— Required action —
Answer with the number of lines in the records that contain "Gold" and with nothing else.

....

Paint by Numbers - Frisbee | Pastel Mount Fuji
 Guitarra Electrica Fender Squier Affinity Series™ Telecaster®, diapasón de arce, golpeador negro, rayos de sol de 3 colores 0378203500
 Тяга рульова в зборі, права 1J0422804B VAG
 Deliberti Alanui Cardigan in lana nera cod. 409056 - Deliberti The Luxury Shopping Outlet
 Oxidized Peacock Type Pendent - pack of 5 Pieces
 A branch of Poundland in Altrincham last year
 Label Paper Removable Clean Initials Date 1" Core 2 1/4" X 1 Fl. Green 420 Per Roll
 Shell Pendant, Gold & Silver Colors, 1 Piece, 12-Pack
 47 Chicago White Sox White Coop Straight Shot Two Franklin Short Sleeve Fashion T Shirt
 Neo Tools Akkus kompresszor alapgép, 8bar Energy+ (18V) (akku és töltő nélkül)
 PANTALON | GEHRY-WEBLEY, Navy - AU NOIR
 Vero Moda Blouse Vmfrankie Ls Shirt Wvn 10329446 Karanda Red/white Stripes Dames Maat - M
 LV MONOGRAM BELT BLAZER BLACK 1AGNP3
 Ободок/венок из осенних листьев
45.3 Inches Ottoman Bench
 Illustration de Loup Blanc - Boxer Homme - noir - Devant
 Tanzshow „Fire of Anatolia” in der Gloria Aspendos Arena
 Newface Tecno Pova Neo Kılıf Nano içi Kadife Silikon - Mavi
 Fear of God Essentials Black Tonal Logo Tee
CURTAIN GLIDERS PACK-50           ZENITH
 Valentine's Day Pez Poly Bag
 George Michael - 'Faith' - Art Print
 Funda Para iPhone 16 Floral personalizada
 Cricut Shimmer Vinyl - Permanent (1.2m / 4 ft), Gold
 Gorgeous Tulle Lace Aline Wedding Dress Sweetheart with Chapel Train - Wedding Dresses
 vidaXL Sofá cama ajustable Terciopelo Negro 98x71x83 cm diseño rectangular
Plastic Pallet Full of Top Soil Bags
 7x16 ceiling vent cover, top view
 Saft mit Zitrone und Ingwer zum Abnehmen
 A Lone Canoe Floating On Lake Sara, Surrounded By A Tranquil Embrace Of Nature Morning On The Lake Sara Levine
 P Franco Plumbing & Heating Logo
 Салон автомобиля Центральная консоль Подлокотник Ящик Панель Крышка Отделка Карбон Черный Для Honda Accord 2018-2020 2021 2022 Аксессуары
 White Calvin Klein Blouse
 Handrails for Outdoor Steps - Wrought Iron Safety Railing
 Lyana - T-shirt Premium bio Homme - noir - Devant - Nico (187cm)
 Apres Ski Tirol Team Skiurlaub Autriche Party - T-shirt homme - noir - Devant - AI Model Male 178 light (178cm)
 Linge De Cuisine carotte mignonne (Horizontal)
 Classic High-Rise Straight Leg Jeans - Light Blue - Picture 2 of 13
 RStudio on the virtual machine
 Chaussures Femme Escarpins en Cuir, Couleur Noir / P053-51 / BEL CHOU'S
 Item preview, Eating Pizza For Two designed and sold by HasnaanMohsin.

....

— Response —
2